### Dataset records

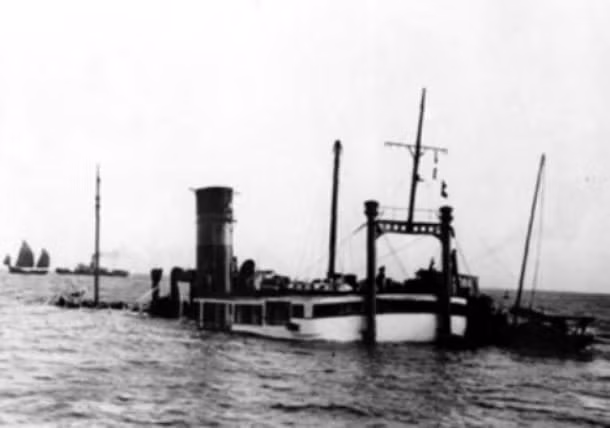 Năm 1948, tàu SS Kiangya của Trung Quốc va phải mìn khiến phần đuôi tàu bị nổ. Vụ việc xảy ra tại sông Hoàng Phố, cách Thượng Hải về phía Bắc khoảng 80 km.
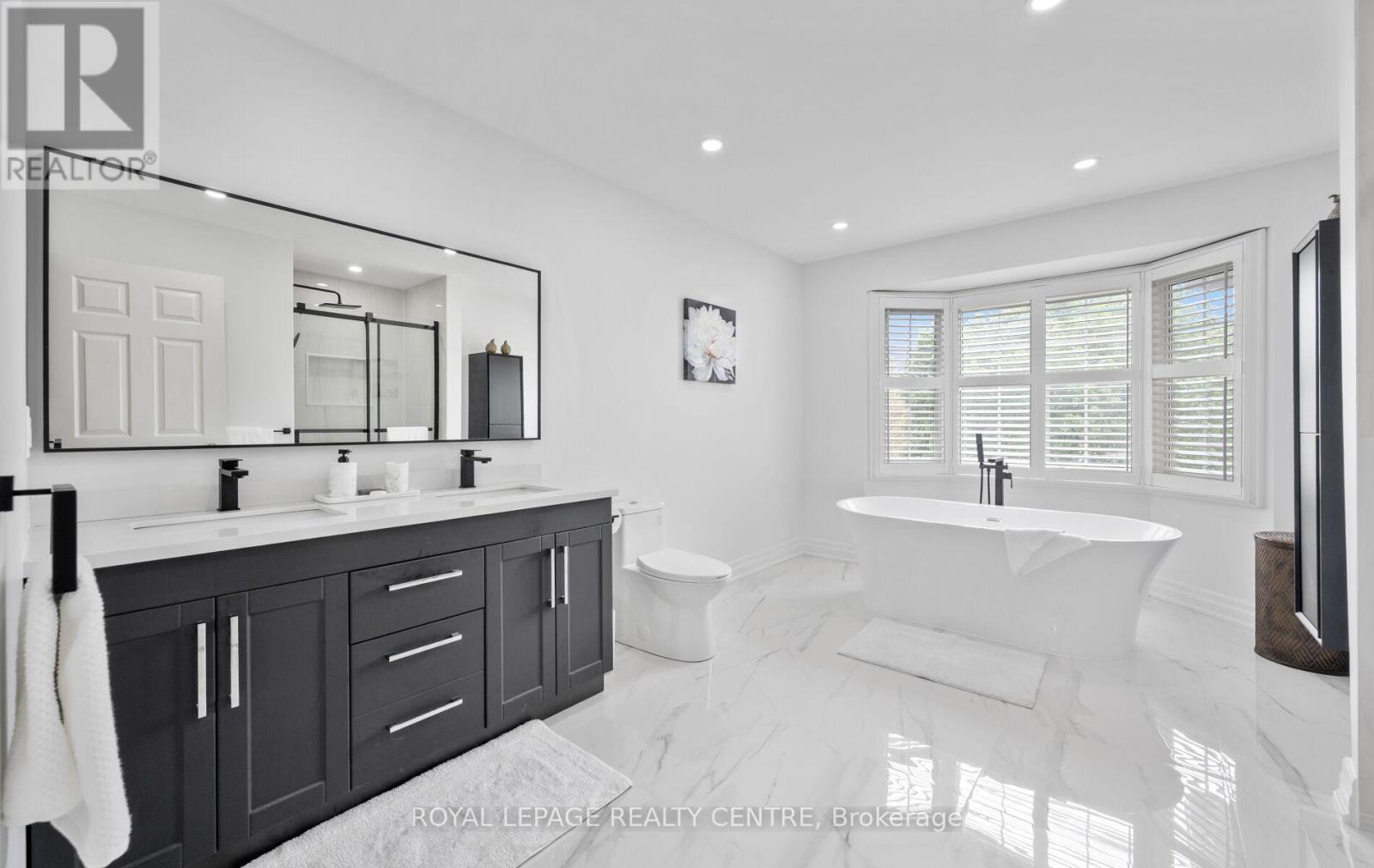 4383 Mayflower Drive, Mississauga, Ontario  L5R 1T4 - Photo 22 - W12181360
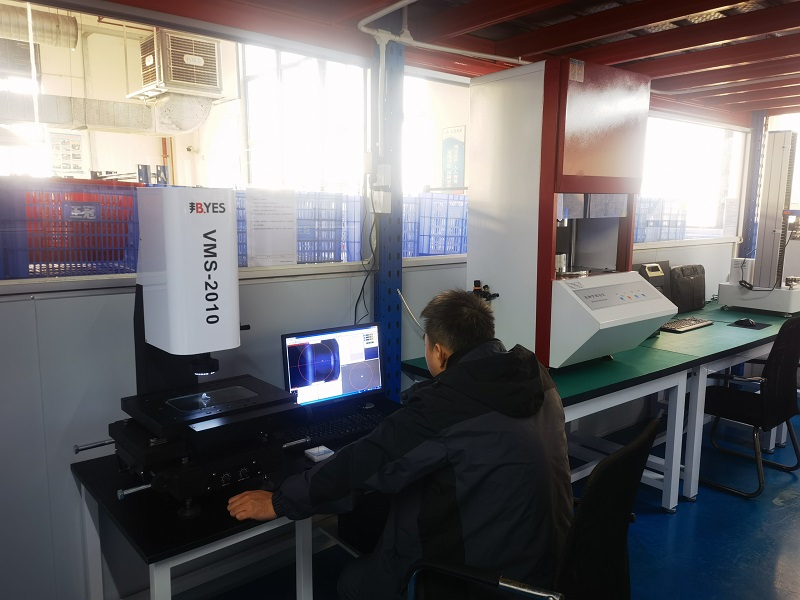 Τα μηχανήματα μέτρησης οπτικής εικόνας, εξοπλισμένα με συστήματα λογισμικού ακριβούς μέτρησης και ελέγχου, μας δίνουν τη δυνατότητα να παράγουμε ελαστικά μέρη με πιο ακριβείς διαστάσεις.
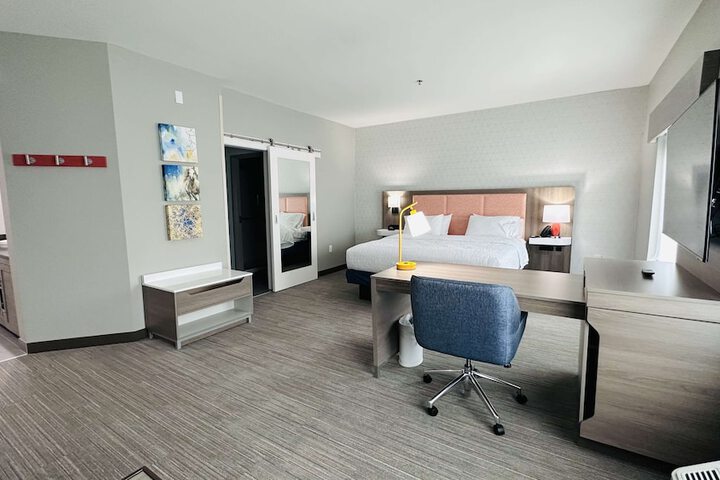 2 Queen Beds Hearing Accessible (26 of 30)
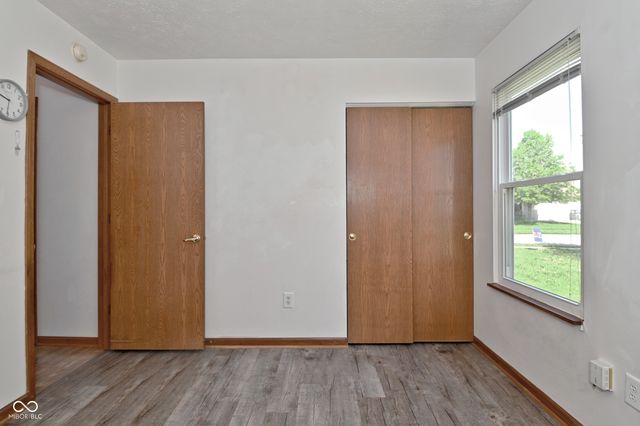 6624 Colleens Way, Indianapolis, IN 46221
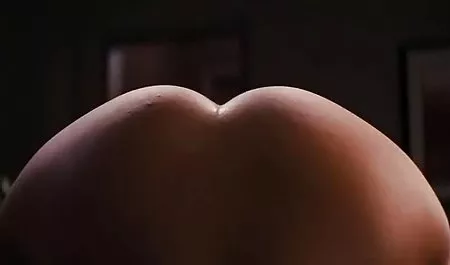 مادر آماتور روسی فیلم سوپر سکسس تقدیر بلعیده است.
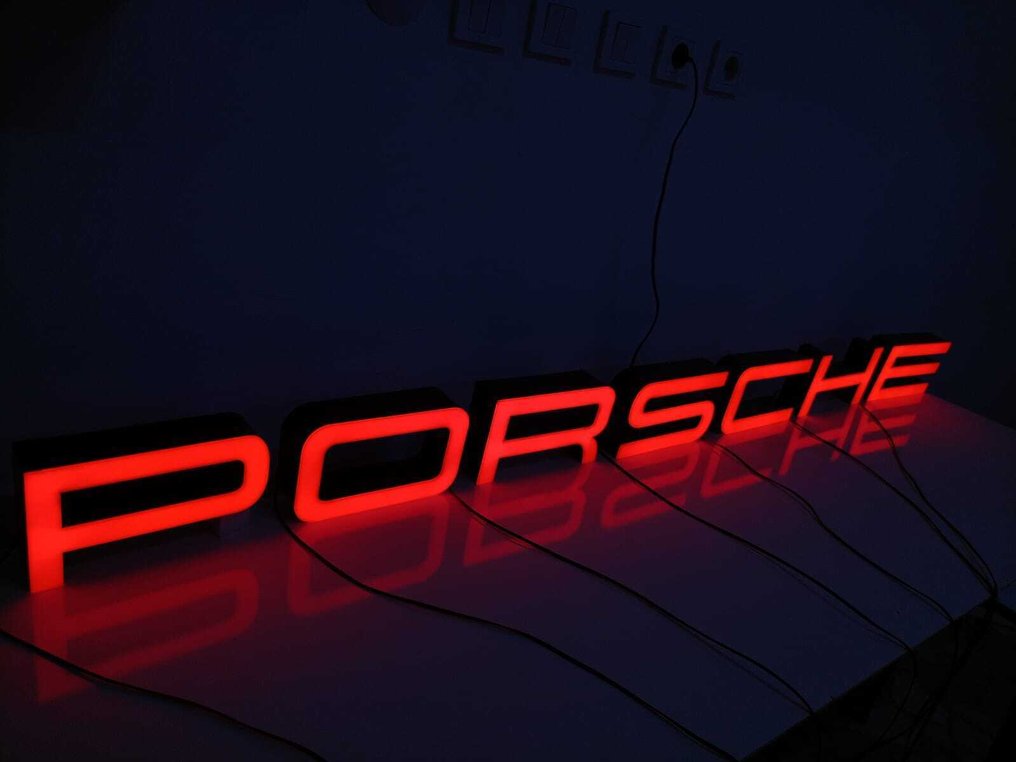 Insegna luminosa (7) - Metallo, Plexiglass #2.1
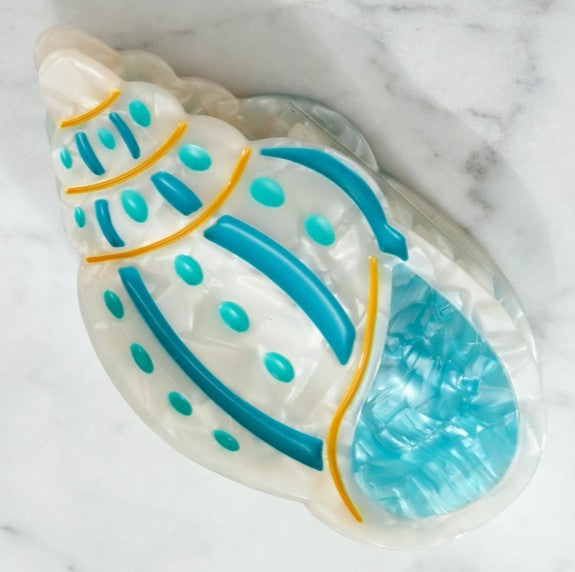 CONCH SHELL HAIR CLIP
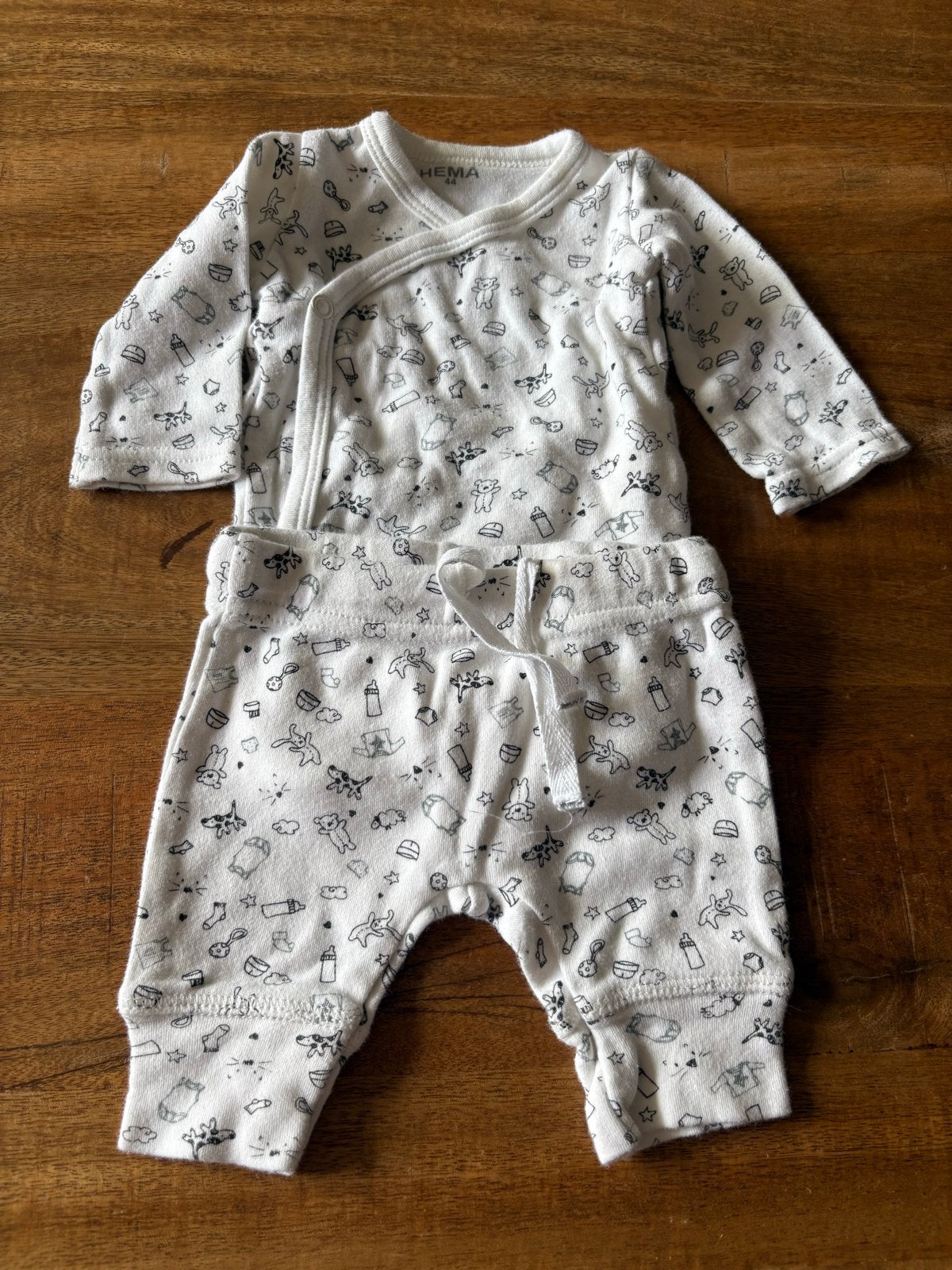 Hema overslagromper en broekje wit met print maat 44, Ophalen of Verzenden, Zo goed als nieuw, Jongetje of Meisje, Setje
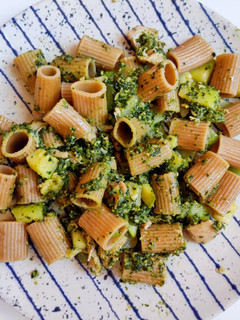 Una foto de Pasta o gnocchi al pesto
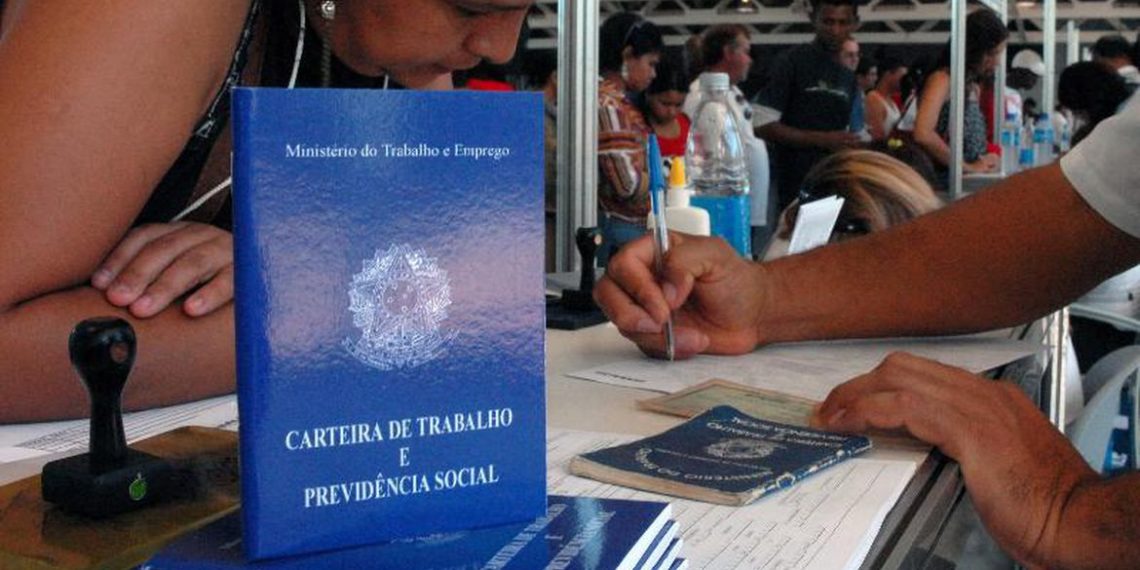 Desemprego no Brasil tem leve queda e fica em 14,1% no 2º trimestre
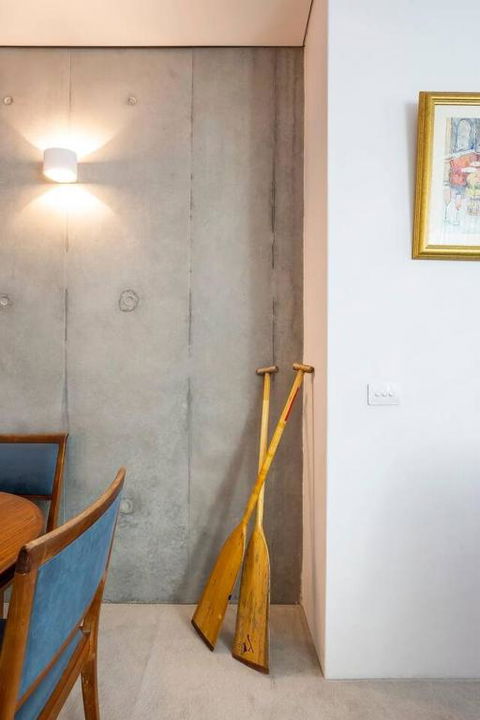 New York Warehouse Style In A Modern Passive House - Taree Accommodation 3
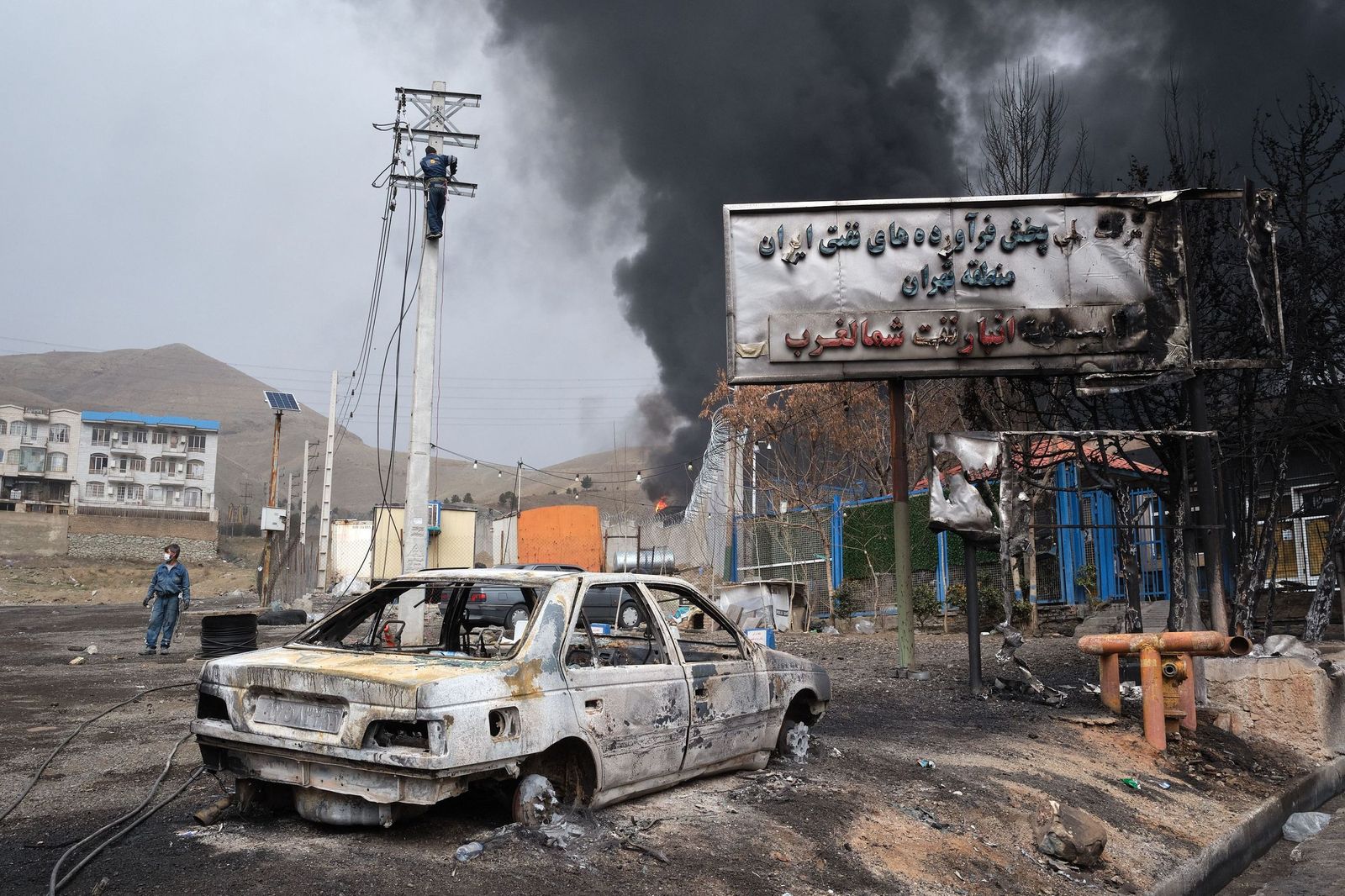 Galería gráfica: Teherán, bajo humo y ceniza tras los bombardeos sobre infraestructuras petroleras
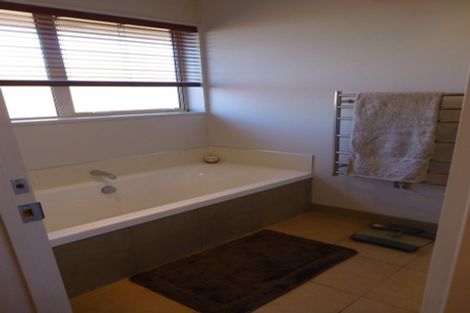 Photo of property in 17 Foresters Crescent, Parklands, Christchurch, 8083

### Aim of the task
Print, exactly, each line above from the one with "4383 Mayflower Drive, Mississauga, Ontario" to the one with "6624 Colleens Way, Indianapolis, IN 46221", end lines included. Leave pictures out of it.

### Output
 4383 Mayflower Drive, Mississauga, Ontario  L5R 1T4 - Photo 22 - W12181360
 Τα μηχανήματα μέτρησης οπτικής εικόνας, εξοπλισμένα με συστήματα λογισμικού ακριβούς μέτρησης και ελέγχου, μας δίνουν τη δυνατότητα να παράγουμε ελαστικά μέρη με πιο ακριβείς διαστάσεις.
 2 Queen Beds Hearing Accessible (26 of 30)
 6624 Colleens Way, Indianapolis, IN 46221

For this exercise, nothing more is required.